As a German my first thought was France is an odd choice to go for bread, however for for the social aspect it makes sense. For the taste of bread Germans are usually the happiest at home or in Austria, Switzerland, Luxemburg... you get the point.
The French are known for their bread, and they do it well. The Germans, however, have the most types of bread and a direct insistence that bread is integral to their culture.
Germany? When I travel there I am always shocked by the fact that a decent loaf of bread is crazy expensive and not always readily available in supermarkets. The quality of bread in Dutch supermarkets has spoiled me I guess.

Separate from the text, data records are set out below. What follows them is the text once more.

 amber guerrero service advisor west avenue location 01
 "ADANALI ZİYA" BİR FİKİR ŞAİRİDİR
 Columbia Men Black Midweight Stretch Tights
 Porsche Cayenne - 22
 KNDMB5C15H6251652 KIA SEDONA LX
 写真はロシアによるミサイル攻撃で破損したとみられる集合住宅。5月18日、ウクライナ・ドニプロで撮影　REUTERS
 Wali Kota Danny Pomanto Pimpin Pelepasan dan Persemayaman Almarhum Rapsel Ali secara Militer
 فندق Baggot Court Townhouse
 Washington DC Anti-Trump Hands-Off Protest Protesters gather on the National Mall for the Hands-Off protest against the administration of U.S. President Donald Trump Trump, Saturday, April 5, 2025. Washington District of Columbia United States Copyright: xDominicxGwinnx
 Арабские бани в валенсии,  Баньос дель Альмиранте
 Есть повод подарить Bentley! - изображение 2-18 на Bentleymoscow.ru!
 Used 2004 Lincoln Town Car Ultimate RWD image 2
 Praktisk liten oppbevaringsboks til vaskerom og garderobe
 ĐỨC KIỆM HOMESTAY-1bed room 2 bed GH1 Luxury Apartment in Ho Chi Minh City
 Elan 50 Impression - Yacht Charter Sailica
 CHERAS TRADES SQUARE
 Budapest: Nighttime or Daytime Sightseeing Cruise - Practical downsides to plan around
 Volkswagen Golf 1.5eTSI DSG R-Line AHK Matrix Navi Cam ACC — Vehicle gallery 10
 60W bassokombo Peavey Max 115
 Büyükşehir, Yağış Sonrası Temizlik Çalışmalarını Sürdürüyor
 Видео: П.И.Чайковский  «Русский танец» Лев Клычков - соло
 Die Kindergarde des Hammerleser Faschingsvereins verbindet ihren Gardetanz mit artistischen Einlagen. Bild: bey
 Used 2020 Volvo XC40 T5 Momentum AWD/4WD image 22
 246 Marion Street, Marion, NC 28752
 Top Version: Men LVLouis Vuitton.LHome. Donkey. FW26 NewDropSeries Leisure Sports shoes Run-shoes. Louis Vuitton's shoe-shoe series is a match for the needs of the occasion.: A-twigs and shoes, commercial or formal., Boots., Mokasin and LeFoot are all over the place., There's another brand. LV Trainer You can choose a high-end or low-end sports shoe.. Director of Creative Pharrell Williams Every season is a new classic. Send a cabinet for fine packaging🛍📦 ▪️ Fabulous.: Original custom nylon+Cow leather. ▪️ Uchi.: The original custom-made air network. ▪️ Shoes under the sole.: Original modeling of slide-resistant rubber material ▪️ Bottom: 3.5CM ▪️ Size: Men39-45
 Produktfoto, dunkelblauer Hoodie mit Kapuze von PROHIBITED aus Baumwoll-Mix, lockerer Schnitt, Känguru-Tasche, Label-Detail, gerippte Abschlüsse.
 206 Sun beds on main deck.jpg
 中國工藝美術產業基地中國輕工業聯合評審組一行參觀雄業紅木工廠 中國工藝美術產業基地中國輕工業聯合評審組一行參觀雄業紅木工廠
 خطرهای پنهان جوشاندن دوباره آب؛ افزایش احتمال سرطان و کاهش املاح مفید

@@ipm123456789 Most supermarkets these days have their own "bakery", where they have fresh bread. Not the one in the bread section, but a completely different place where you get fresh cheese, meat, and bread. Although I agree, it is not as good as the one I get from the corner shop
I remember my first tour as a European in the US, I couldn’t believe how sweet the bread was. Like sugar loaded, that even a savory sandwich was impossible to make.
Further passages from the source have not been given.